The Sahara was ‘green’ for over 6,000 years and had 10 times more rain than now

Based on erosion marks, several researchers and geologists have suggested that the Great Sphinx was built thousands of years earlier than the official story suggests.

According to a new study recently published in the journal Science Advances, evidence shows that humans occupied much of the Sahara during the ‘wet period’ around 8,000 years ago.

Through an analysis of marine sediments, researchers at the University of Arizona have determined rainfall patterns in the Sahara over a period of 6,000 years obtaining fascinating results. The UA-led team has identified the climate pattern that generated a “Green Sahara” from 5,000 to 11,000 years ago. The region had 10 times the rainfall it does today.

As it turns out, what is now the Sahara Desert was the home of hunter-gatherers who lived off the animals and plants present in the savannas of the region and off the wooded prairies sometime between 5,000 and 11,000 years ago.

“It was 10 times as wet as today,” said lead author Jessica Tierney of the University of Arizona. Annual rainfall in the Sahara now ranges from about 4 inches to less than 1 inch (100 to 35 mm).

Although other research has already identified the existence of a “Green Sahara” period, Tierney and colleagues managed to compile a continuous record of rainfall in the region that existed 25,000 years ago.

Interestingly, archaeological evidence shows that humans occupied much of the Sahara during the wet period, but gradually withdrew some 8,000 years ago.

Other researchers have suggested that the Sahara became drier by the time people left, but the evidence was inconclusive, says Tierney, an assistant professor of geosciences at the UA, whose work was published in Science Advances.


The Sahara Desert is the warmest in the world and the third largest after Antarctica and the Arctic.


According to the new study, rainfall records gathered by the team indicate a period that lasted for one thousand years, some 8,000 years ago, in which the Sahara became drier, which coincides with the time when people left.

“It looks like this thousand-year dry period caused people to leave,” Tierney said.

“What’s interesting is the people who came back after the dry period were different — most raised cattle. That dry period separates two different cultures. Our record provides a climate context for this change in occupation and lifestyle in the western Sahara.”

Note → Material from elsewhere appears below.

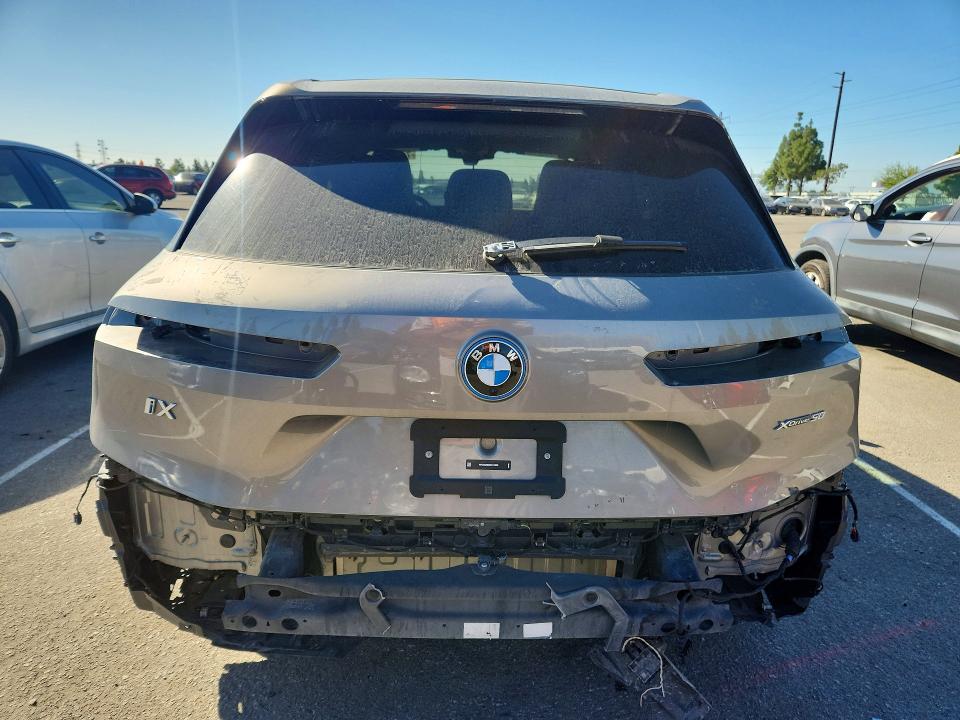 Продаж на аукціоні авто 2024 Bmw Ix, vin: WB523CF03RCR15800, номер лоту: 71004876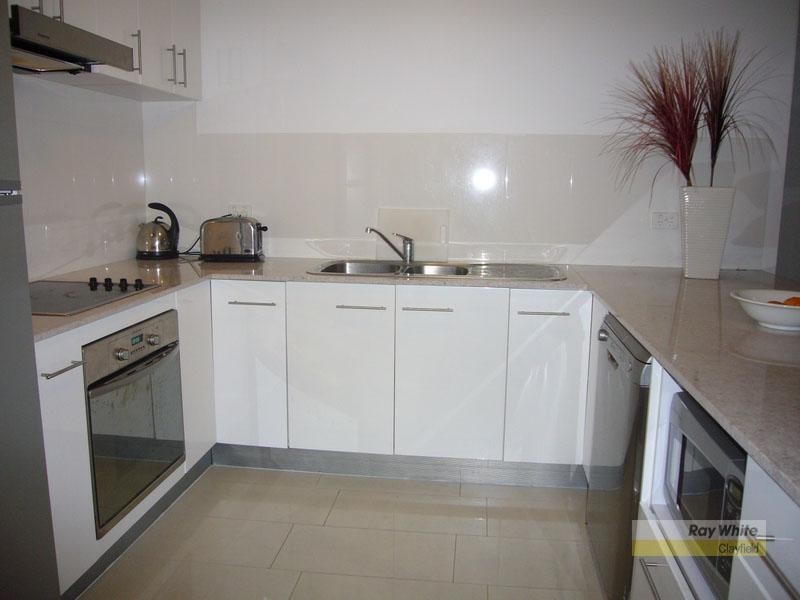 2/2 Riverton Street, Clayfield QLD 4011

According to UA News, Instead of lake sediments, Tierney and her colleagues used cores of marine sediments taken off the coast of West Africa at four different sites. Because the cores were taken over a north-south distance of about 800 miles (1,300 km) — from offshore Cape Ghir, Morocco, to the northwestern corner of Mauritania — the cores revealed both the ancient rainfall patterns and the areal extent of the Green Sahara.